The conflict in Ukraine has now displaced more than 1 million people from their homes, 814,000 of whom fled to Russia, according to the UNHCR United Nations refugee agency. Some Ukrainian refugees were lucky enough to be flown out by the Russian government, but their luck ended there. Many were delivered to no-man’s-land towns in Russia’s far east.
On Tuesday, a Russian planeload of 380 refugees deposited half of its passengers in Yakutsk, a northeastern town about 3,000 miles from Moscow that’s known as one of the coldest cities on earth. The remaining refugees were flown three hours further east and let off in Magadan, an isolated seaport that’s more than 1,000 miles away from the nearest city.
Moscow diplomat Ekaterina Swarovski noted in a tweet the ironies of Ukrainians taking refuge with their apparent enemies: “The first paradox of history: refugees fleeing from horrors don’t go deeper into their own country, but instead to the Russian Federation, which considers Ukraine an aggressor.”
Russia’s far east has been a popular destination over the last few days. Russian president Vladimir Putin himself landed in Yakutsk on Monday for a ground-breaking ceremony celebrating a projected $20.8 billion gas pipeline between Russia’s far east and China.
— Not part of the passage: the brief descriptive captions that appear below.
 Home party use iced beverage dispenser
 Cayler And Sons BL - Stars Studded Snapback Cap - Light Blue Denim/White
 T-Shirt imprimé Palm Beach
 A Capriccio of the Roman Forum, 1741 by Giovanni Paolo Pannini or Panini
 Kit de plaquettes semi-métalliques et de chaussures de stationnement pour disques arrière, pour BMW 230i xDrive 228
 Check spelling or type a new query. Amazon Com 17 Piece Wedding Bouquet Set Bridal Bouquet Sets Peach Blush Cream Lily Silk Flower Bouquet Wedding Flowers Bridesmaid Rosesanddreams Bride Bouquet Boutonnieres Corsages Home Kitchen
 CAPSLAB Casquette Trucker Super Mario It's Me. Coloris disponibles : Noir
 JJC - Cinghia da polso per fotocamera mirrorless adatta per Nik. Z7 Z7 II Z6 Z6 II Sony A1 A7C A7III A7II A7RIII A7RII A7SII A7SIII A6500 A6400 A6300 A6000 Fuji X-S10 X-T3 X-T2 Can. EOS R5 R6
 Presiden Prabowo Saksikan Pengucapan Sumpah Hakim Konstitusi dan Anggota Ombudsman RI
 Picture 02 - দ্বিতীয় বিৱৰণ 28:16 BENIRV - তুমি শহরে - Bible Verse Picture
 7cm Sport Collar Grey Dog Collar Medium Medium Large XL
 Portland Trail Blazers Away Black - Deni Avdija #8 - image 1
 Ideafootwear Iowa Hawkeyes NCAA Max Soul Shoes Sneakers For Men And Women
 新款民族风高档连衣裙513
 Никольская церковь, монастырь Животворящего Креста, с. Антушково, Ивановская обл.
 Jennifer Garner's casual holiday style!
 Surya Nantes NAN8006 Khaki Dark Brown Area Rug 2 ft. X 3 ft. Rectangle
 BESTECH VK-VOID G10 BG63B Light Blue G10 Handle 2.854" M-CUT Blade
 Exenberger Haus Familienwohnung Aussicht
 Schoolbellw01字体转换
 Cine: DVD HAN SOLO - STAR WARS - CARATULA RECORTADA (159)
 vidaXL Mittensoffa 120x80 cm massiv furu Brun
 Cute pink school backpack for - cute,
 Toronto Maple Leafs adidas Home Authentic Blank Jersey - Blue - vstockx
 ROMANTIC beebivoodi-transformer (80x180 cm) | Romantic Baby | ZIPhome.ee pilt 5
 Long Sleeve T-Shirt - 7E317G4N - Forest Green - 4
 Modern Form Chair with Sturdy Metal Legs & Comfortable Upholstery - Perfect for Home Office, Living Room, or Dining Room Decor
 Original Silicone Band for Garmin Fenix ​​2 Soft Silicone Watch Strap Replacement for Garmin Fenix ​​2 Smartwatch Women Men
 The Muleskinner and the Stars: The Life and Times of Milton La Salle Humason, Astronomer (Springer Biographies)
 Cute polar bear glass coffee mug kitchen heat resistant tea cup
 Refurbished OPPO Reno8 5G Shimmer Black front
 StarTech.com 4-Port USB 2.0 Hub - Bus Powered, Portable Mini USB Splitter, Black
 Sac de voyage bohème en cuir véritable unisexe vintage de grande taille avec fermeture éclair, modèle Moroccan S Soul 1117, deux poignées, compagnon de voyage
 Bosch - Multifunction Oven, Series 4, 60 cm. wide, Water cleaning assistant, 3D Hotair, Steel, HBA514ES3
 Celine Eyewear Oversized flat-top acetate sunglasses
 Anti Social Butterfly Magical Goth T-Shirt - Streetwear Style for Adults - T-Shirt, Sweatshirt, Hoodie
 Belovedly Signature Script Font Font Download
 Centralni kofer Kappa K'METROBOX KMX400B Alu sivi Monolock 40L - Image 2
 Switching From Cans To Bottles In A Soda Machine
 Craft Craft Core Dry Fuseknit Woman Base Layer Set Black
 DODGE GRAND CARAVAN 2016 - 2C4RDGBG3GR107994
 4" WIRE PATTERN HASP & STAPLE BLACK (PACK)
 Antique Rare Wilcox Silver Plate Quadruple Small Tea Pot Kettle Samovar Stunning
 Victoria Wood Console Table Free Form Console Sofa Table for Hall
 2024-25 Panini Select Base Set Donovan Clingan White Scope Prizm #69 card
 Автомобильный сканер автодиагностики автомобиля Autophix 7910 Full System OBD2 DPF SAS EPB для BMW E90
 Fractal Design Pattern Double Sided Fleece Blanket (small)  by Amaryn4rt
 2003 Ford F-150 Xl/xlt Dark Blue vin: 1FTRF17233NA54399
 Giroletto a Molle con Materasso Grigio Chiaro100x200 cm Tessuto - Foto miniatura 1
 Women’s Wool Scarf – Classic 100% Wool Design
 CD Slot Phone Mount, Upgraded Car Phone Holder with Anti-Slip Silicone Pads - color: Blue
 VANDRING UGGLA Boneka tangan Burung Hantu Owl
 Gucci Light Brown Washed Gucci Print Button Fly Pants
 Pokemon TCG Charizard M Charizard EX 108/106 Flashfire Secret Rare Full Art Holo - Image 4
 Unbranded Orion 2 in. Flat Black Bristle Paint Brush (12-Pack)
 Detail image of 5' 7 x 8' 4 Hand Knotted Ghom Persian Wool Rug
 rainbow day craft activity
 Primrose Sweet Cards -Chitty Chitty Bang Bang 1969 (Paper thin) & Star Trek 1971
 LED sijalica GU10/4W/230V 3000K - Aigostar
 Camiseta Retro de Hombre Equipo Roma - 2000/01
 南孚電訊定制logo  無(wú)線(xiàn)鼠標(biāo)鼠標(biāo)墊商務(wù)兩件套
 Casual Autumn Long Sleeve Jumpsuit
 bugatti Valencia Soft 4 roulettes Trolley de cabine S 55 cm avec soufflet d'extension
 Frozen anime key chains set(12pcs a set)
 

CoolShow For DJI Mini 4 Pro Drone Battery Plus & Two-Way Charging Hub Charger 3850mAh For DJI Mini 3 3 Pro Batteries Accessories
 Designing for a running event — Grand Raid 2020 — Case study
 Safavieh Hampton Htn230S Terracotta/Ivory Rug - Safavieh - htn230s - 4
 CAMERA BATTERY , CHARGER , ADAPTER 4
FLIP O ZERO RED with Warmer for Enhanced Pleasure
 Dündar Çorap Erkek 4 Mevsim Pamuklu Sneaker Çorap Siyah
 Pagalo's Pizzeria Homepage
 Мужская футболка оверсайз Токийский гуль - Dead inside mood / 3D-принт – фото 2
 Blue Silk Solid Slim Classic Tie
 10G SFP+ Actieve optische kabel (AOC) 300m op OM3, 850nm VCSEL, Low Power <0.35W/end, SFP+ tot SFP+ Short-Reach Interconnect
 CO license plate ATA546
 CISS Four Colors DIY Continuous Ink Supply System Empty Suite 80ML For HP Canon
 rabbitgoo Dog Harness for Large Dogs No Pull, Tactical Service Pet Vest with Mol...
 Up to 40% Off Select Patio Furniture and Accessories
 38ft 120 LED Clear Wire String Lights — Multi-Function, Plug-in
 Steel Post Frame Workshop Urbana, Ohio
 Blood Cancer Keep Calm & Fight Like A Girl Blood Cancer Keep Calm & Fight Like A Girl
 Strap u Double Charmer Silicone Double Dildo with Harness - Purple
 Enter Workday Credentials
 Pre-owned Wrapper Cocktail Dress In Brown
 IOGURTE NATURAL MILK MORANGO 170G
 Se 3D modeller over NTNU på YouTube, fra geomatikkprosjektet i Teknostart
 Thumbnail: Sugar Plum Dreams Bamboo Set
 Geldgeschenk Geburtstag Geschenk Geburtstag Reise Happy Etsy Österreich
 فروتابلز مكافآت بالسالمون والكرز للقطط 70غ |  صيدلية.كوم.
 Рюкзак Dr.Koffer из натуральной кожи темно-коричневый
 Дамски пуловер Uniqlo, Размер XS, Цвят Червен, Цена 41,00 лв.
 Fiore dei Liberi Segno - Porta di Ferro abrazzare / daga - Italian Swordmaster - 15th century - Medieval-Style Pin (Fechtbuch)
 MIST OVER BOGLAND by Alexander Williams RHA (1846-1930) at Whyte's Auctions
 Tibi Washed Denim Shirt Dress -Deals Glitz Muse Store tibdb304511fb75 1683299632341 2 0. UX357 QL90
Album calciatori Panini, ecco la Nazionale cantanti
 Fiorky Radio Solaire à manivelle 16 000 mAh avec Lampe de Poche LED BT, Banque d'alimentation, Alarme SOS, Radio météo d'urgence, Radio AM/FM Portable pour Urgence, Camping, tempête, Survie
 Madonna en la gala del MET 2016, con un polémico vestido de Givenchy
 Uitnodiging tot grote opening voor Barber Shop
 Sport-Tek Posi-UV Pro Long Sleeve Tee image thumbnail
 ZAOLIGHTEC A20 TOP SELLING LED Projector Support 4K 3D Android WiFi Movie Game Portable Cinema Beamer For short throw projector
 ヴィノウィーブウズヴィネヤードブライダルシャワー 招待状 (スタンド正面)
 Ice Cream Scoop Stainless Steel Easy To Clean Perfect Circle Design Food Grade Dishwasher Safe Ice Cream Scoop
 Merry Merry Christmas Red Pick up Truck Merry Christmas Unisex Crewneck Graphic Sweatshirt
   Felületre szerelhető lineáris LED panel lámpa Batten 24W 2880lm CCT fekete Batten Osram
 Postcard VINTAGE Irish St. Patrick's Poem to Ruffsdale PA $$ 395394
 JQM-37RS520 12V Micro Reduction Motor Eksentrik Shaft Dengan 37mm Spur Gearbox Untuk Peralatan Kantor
He called it “the biggest construction project in the world.”
A travel blogger tweeted a candid shot of Putin as he arrived in Yakutsk:
Last week Putin said to an audience of young academics, “the Russians and the Ukrainians are one people.” Now, with thousands of Ukrainians seeking safe haven in the furthest reaches of Russia, it seems Putin would prefer those Ukrainians to remain far, far away from him and the Kremlin in Moscow.